Dieses ist qualitativ natürlich unterschiedlich erhalten. Während die Spielfilme eine verhältnismäßig gute Qualität besitzen, variiert das Erhaltung des Bildes gerade bei den Kurzfilmen stark. Was sehr schmerzhaft ist: Das Bild wurde bei den Filmen stark beschnitten, sodass man z.B. Texttafeln oder die Namen im Vorspann zu kleinen Teilen nicht sehen kann. Das ist besonders ärgerlich, da man eigentlich davon ausgehen sollte, dass man im Rahmen einer solchen Veröffentlichung die Filme in einer bestmöglichen Qualität bekommt. Einen Hinweis auf diese Beschneidung der Filme findet man leider nirgends. Jeder, der sich die Box zulegt, sollte sich dieser Mängel aber bewusst sein, da es sonst große Enttäuschungen geben könnte.

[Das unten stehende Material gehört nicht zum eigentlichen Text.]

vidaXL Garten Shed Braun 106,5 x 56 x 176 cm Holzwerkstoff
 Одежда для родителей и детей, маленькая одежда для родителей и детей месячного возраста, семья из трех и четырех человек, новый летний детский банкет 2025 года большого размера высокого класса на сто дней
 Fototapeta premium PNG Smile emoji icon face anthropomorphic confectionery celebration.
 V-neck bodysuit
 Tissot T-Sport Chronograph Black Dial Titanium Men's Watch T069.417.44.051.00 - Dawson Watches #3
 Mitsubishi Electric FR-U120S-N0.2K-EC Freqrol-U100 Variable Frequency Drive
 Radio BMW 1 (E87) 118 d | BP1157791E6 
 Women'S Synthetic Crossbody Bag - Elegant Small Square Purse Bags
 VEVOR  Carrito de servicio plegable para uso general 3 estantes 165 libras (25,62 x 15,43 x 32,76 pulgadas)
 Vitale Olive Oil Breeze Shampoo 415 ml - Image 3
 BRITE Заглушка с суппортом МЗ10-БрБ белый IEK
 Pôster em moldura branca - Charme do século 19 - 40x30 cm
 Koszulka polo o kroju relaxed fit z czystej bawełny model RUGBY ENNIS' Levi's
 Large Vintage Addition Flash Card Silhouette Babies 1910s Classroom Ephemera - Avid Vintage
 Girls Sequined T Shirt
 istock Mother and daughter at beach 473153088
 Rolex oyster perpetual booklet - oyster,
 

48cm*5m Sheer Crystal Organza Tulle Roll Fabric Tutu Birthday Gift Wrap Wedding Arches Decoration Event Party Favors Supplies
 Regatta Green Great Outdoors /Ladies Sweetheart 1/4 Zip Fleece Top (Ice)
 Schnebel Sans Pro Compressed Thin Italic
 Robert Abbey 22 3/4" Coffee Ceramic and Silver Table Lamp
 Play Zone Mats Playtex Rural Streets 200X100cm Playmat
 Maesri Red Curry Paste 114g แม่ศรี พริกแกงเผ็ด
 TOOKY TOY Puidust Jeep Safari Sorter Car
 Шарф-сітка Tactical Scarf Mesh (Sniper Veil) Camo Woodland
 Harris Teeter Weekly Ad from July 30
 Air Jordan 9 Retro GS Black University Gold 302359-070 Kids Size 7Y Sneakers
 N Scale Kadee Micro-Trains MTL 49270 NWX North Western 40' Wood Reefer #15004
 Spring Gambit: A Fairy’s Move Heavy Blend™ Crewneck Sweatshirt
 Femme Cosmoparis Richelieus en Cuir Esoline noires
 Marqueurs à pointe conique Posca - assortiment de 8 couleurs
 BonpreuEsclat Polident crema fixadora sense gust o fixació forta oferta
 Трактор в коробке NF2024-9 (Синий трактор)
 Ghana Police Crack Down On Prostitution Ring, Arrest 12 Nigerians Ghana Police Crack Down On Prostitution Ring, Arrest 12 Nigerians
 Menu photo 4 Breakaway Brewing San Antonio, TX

Die Filme selbst sind ohne Zweifel wahre Meisterwerke. Karl Valentin gehört zu den ganz großen Künstlern des letzten Jahrhunderts und hat es geschafft, mit seinem Lebenswerk unsterblich zu werden. Schon der Stummfilm "Der Sonderling" beweist, dass man Valentin ohne Probleme mit anderen Komik-Größen der damaligen Zeit messen kann egal ob Chaplin oder Dick und Doof. Im Gegensatz zu diesen Humoristen hatte Valentin den Vorteil, dass seine wahre Klasse durch den Tonfilm erst so richtig zur Geltung kommen kann.

Diese "Die Spielfilme"-Box über Karl Valentin und Liesl Karlstadt beinhaltet einige grandiose Meisterwerke des frühen deutschen Films. Die oben erwähnten Mängel, die für einige Kunden gravierend sind, schmälern das Filmvergnügen stark, was äußerst schade ist. Freunde von Karl Valentin, die noch nicht im Besitz dieser Filme sind, kommen an dieser Veröffentlichung jedoch nicht vorbei. (sk)

Wertung: 6 von 10 Punkten (6 von 10 Punkten)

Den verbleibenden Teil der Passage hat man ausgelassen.